I have spent last weeks configuring our new Cisco Nexus 5596UP switches in two data centers. The decision to use configuration synchronization feature (also known as Switch Profile) seemed logical as our new DC infrastructure design dictates to use Dual Homed FEXes with Active/Passive NIC teaming topology. This scenario (like any Dual Homed) requires almost all configuration to be identical on both switches that are part of vPC domain. Overall, I like this neat feature. In my humble opinion, Cisco had to come up with it years ago. It works like a charm if you are working on a clean deployment and follow Cisco guidelines. But… when it comes to the migration from Legacy configuration mode to the Switch Profile mode with both vPC domain switches already being pre-configured separately… well, you’ll definitely face some issues! I personally have spent few days trying to solve one puzzle that driven me nuts!
Before reading further, I highly recommend you to familiarize yourself with my previous blog post and some official Cisco documents:
- vPC Domain Configuration Synchronization Guidelines (NExp.com.ua)
- Configuring Switch Profiles (Cisco Nexus 5500 Series NX-OS System Management Configuration Guide, Release 6.x)
- Troubleshooting Config-Sync Issues (Cisco Nexus 5000 Troubleshooting Guide)

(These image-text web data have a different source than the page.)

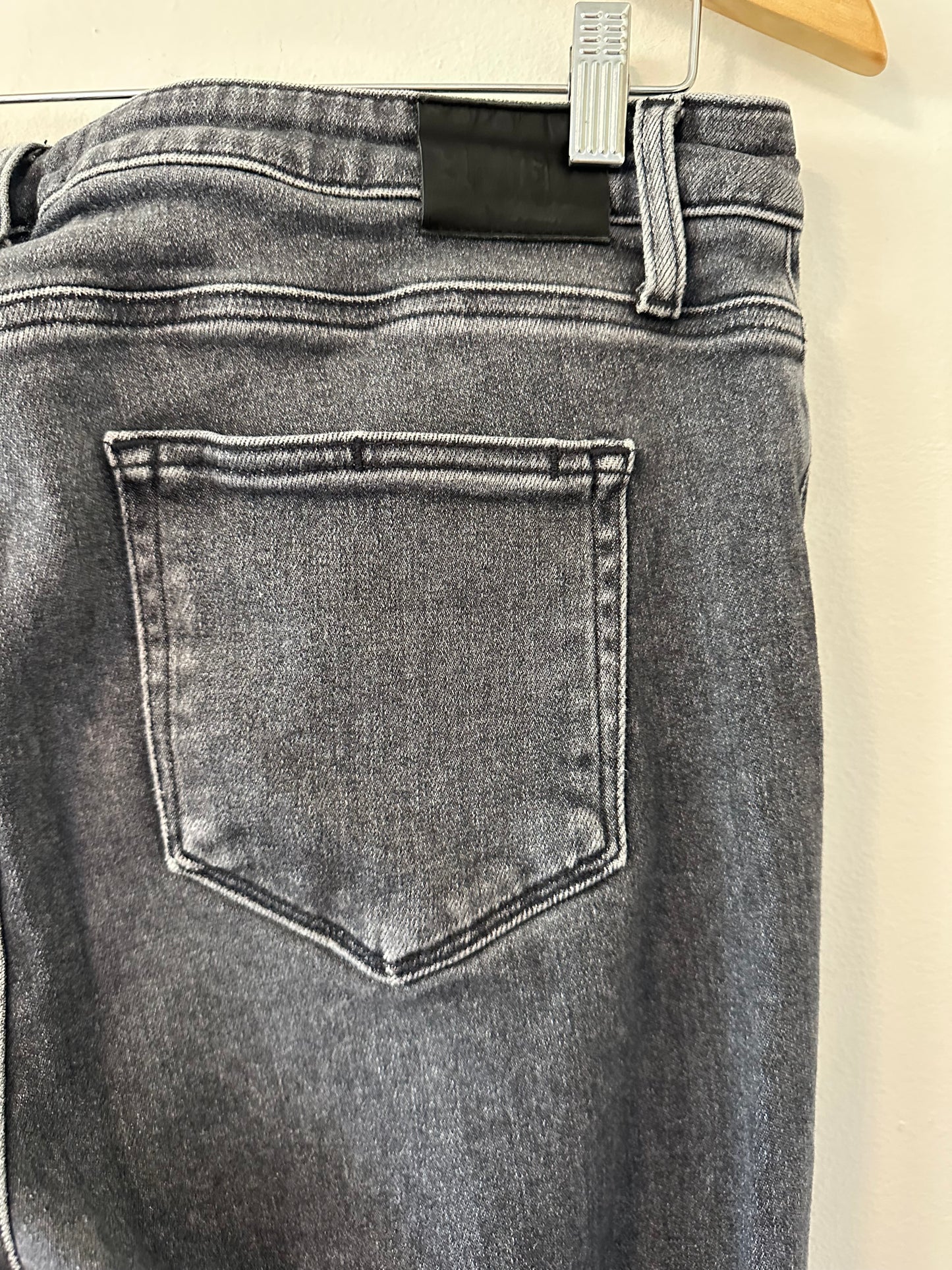 PAIGE Cindy Straight Leg Jeans in Distressed Gray | Size 34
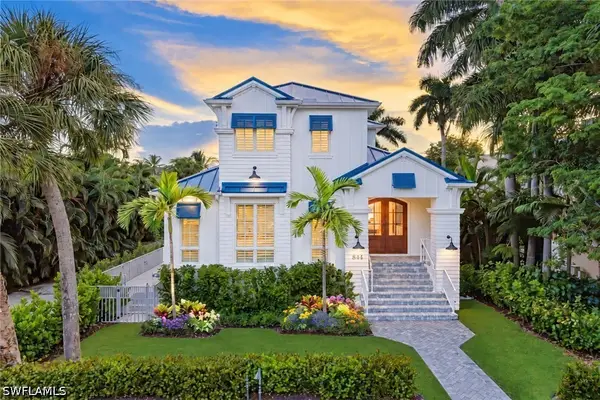844 8th Street S, Naples, FL 34102
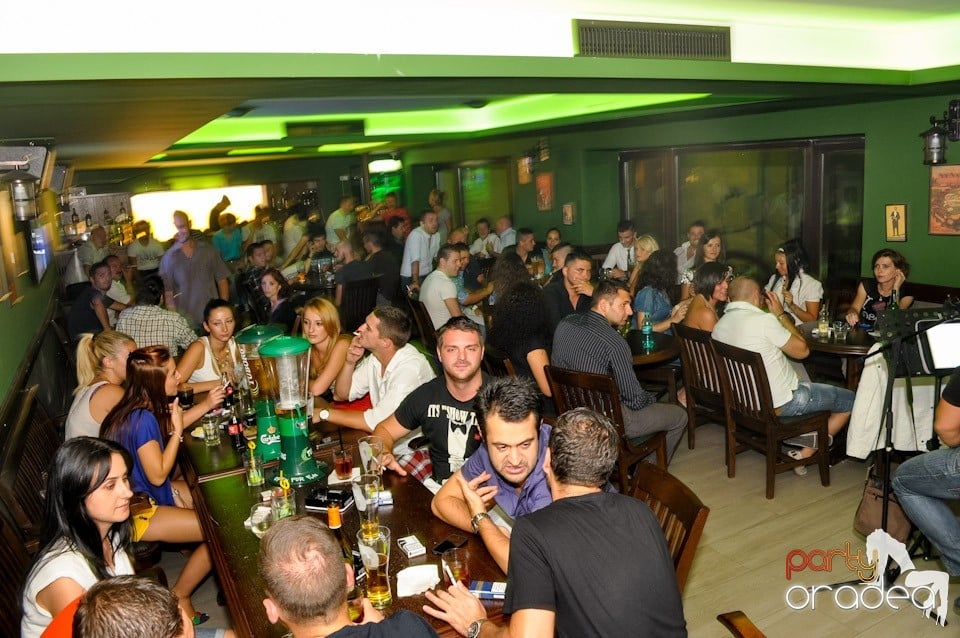 Vineri seara e distracţie în Green Pub, Green Pub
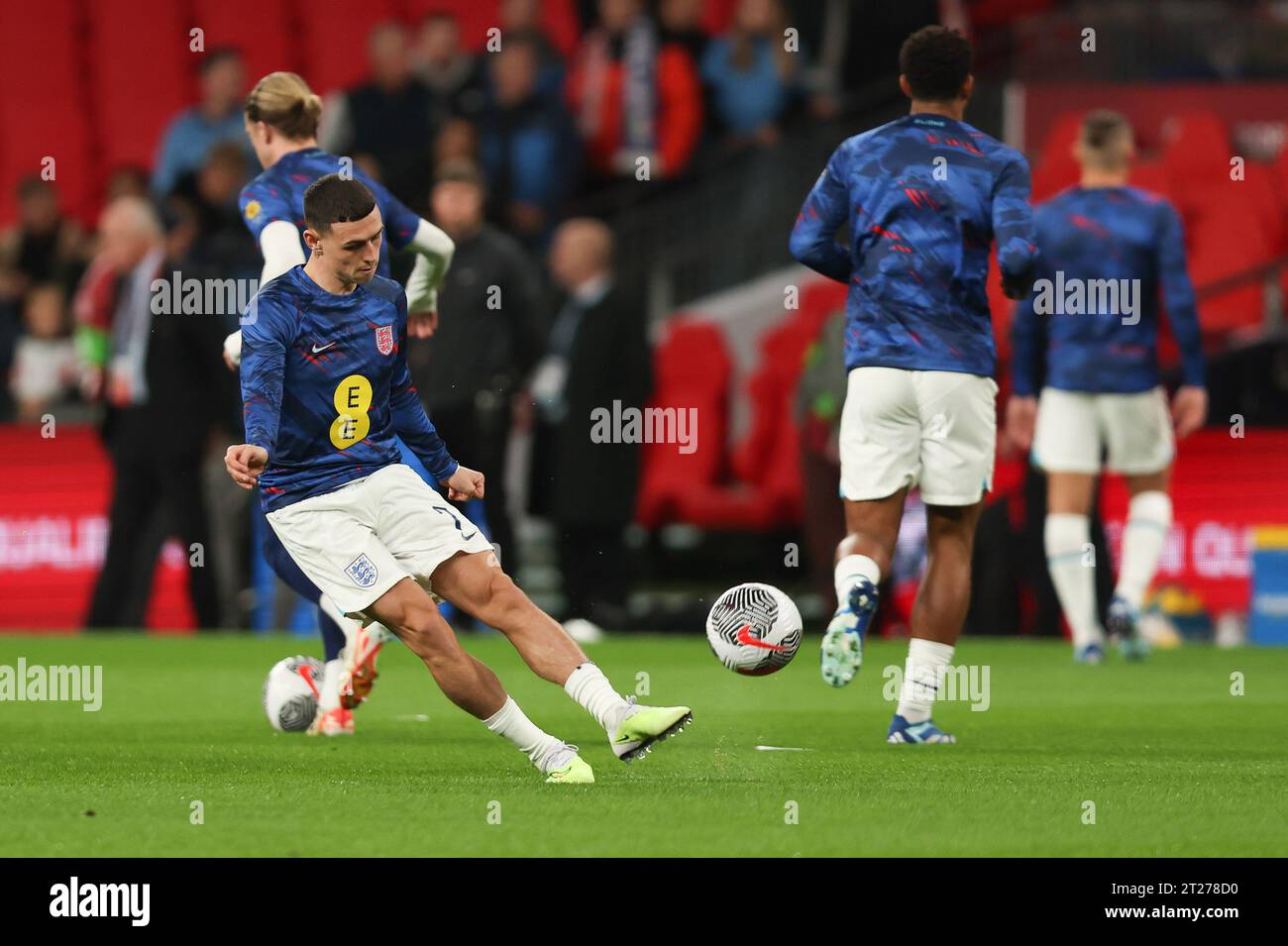 London, Großbritannien. Oktober 2023. Phil Foden aus England macht sich beim Qualifikationsspiel zur UEFA EURO 2024 zwischen England und Italien am 17. Oktober 2023 im Wembley Stadium in London auf. Foto von Ken Sparks. Nur redaktionelle Verwendung, Lizenz für kommerzielle Nutzung erforderlich. Keine Verwendung bei Wetten, Spielen oder Publikationen eines einzelnen Clubs/einer Liga/eines Spielers. Quelle: UK Sports Pics Ltd/Alamy Live News Stockfoto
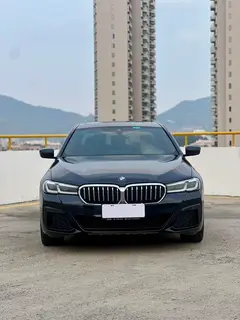 BMW 5 Series 2021 530Li Leader M Ensemble de sport extérieur photo 2 BMW 5 Series 2021 530Li Leader M Ensemble de sport extérieur photo 2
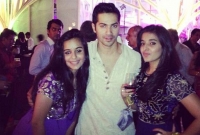 নায়কের প্রেমে পাগল হয়ে তরুণীর আত্মহত্যার হুমকি, পুলিশের দ্বারস্থ বরুণ ধাওয়ান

Now, imagine that you have both vPC domain switches fully configured without using Config Sync mode. Nothing special. This is absolutely normal scenario, especially for early deployments (i.e. NX-OS 5.x) when Config Sync mode had many various limitations. Unfortunately (well, for you) the management/TA department decided to implement this shiny feature to decrease administrative overhead of any future configuration tasks.
If you carefully follow Cisco’s guidelines while importing configuration, you probably won’t have any problems. But… you can face some odd issues, like in my case, and can spend crazy hours trying to understand what went wrong. Here’s a good example of my own…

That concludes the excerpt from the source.